# Notation for conditional density

Are $$p(\mu \mid \sigma)$$ and $$p(\mu ; \sigma)$$ equivalent?

I've seen the notation $$p(b_i \mid T_i, \delta_i, y_i ; \theta)$$ used to represent the posterior distribution for $$b_i$$. I am assuming that this is the posterior distribution for $$b_i$$ conditional on $$\theta$$ being fixed.

In the past I have written this as $$p(b_i \mid T_i, \delta_i, y_i , \theta)$$. Are both okay?

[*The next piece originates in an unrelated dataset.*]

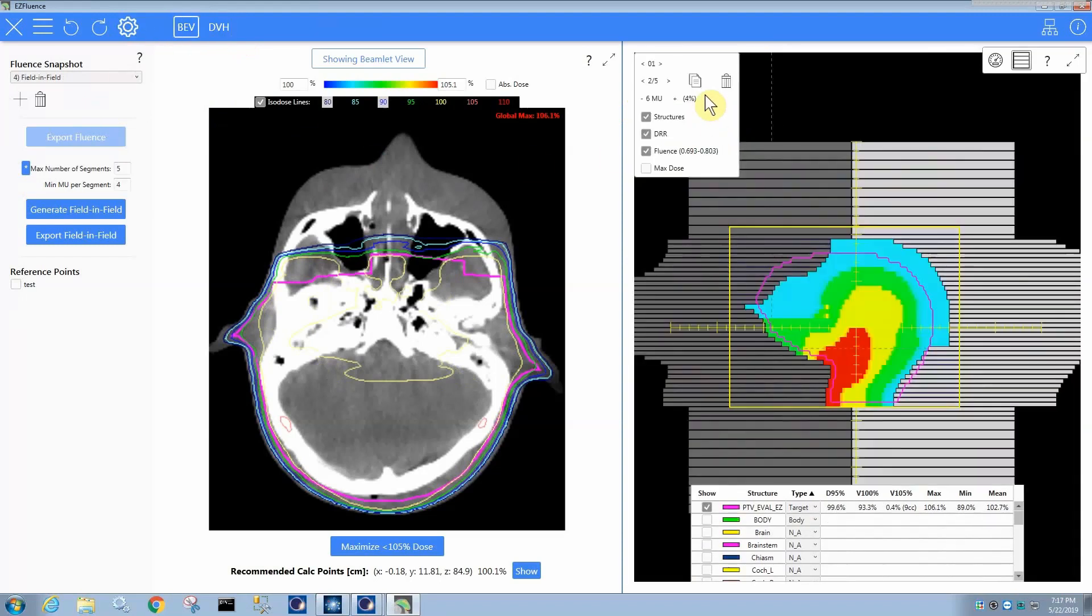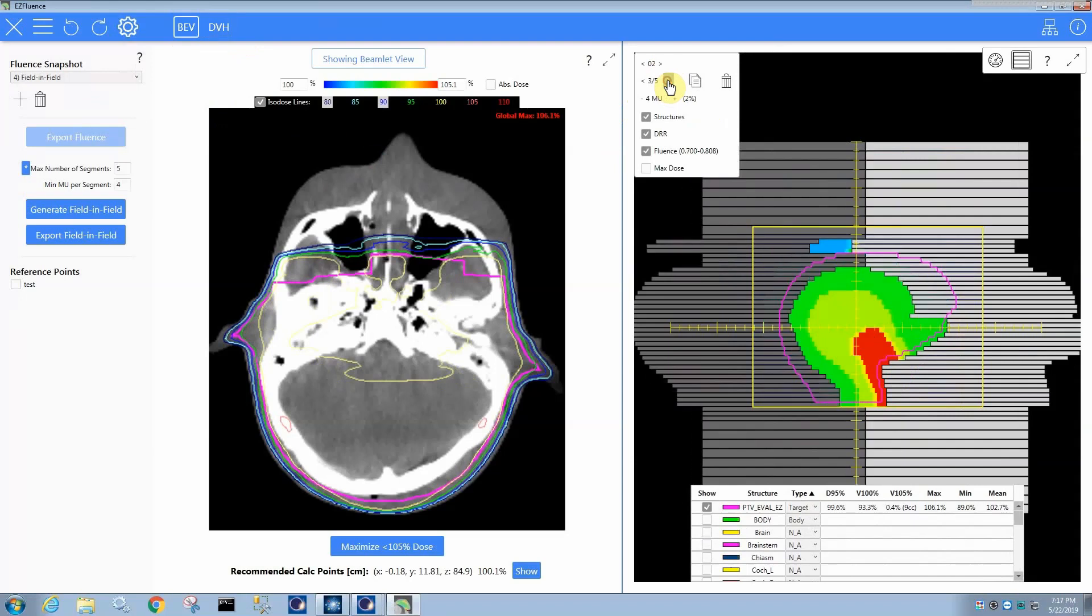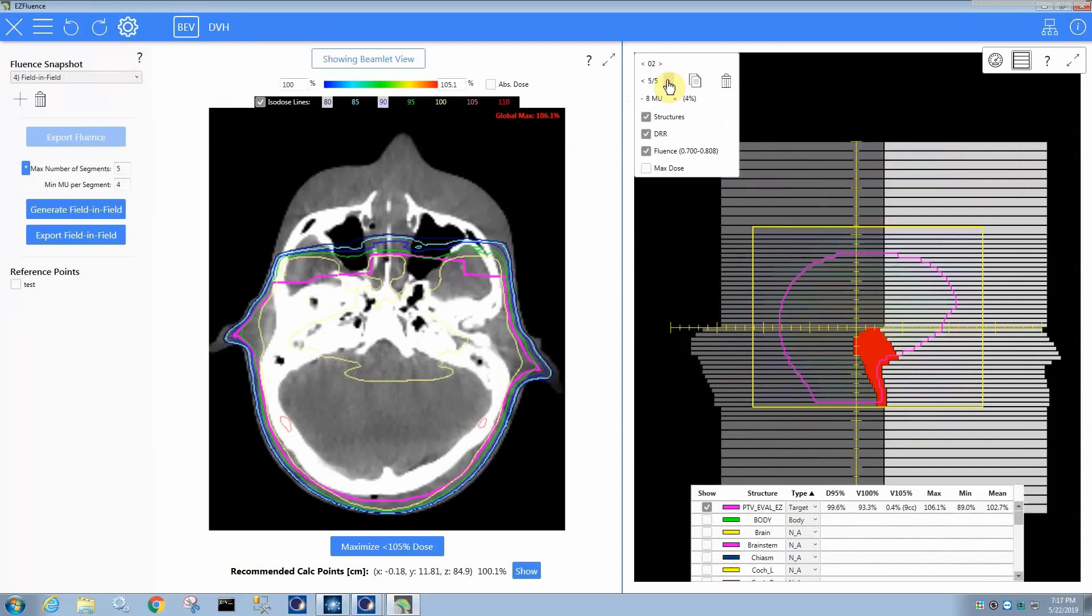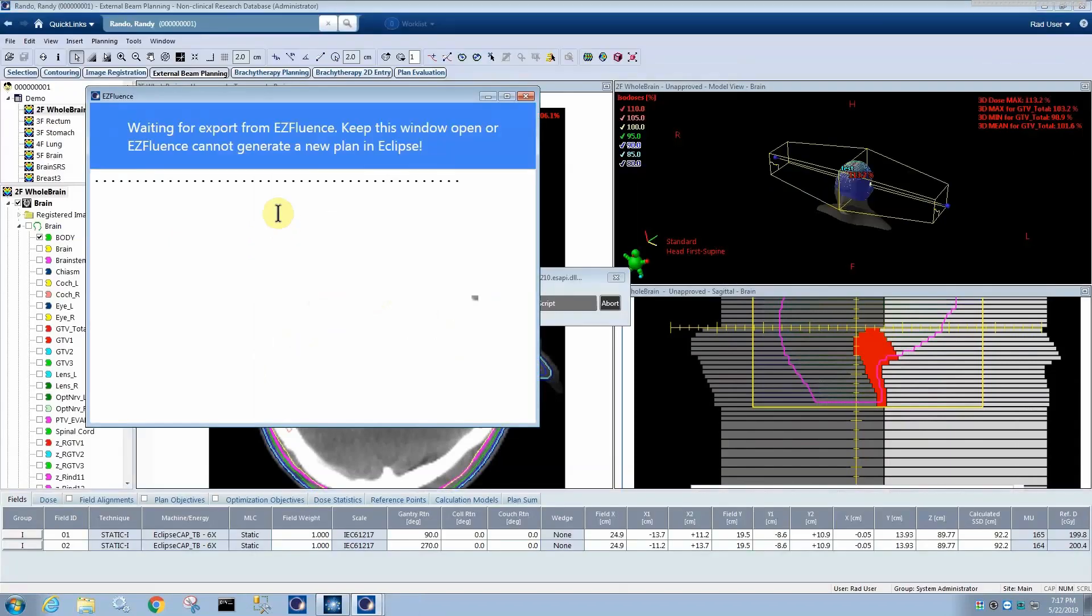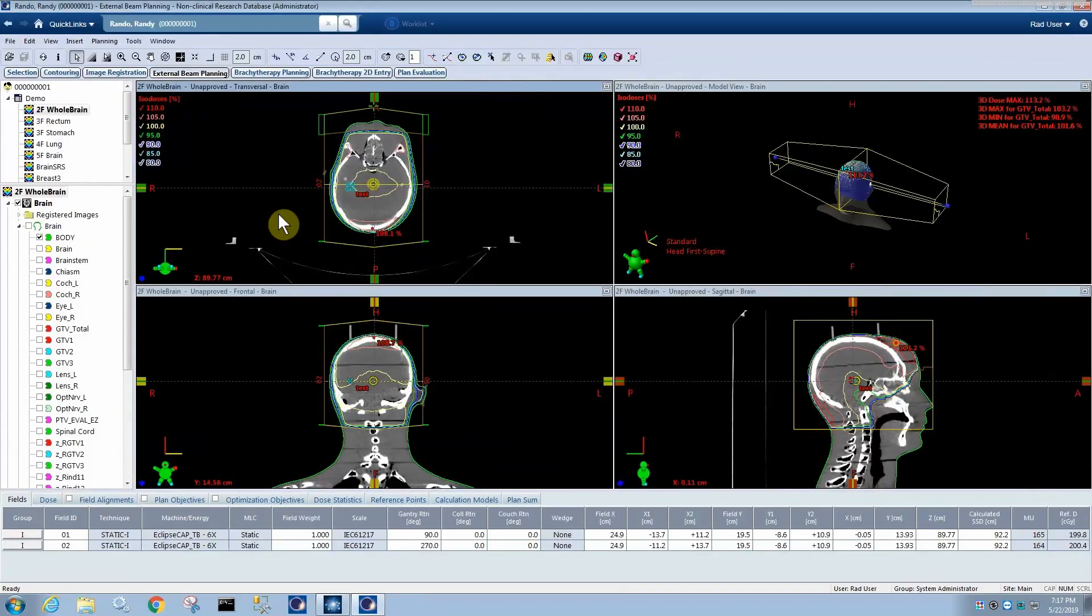Now the subfields, of course, you can review and see if you like what it's doing or not, and then export it to Eclipse. So that is the parallel posed two field, which EasyFluence since version 1.4 could do this and do it well.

Conditional probability has precise mathematical meaning: $$$$p(\mu|\sigma) = \frac{p(\mu, \sigma)}{p(\sigma)}$$$$ Semicolon in $$p(\mu; \sigma)$$ likely means the same as the comma in $$p(\mu, \sigma)$$ - just a matter of notation. In fact, this is certainly the case in your example, where $$T_i, \delta_i, y_i$$ and $$\theta$$ appear as the conditioning parameters in both expressions, although semicolon is likely to underscore that the nature of parameter $$\theta$$ is somehow different from the rest (probably this parameter is the same for all $$i$$).
• In the example given, $T_i, \delta_i$ and $y_i$ are data, and $\theta$ is a common parameter. I was thinking that a ";" was used to separate a parameter from data in the conditioning; but your comment on differentiating something common to all $i$ from something unique to each $i$ is interesting. I have never seen an example of where this has been used, but it would be interesting to see if, for data $T_i, \delta_i$ and $y_i$, parameters $\theta$ and $a_i$, would the conditioning be $p(b_i \mid T_i, \delta_i, y_i; \theta, a_i)$ or $p(b_i \mid T_i, \delta_i, y_i, a_i; \theta)$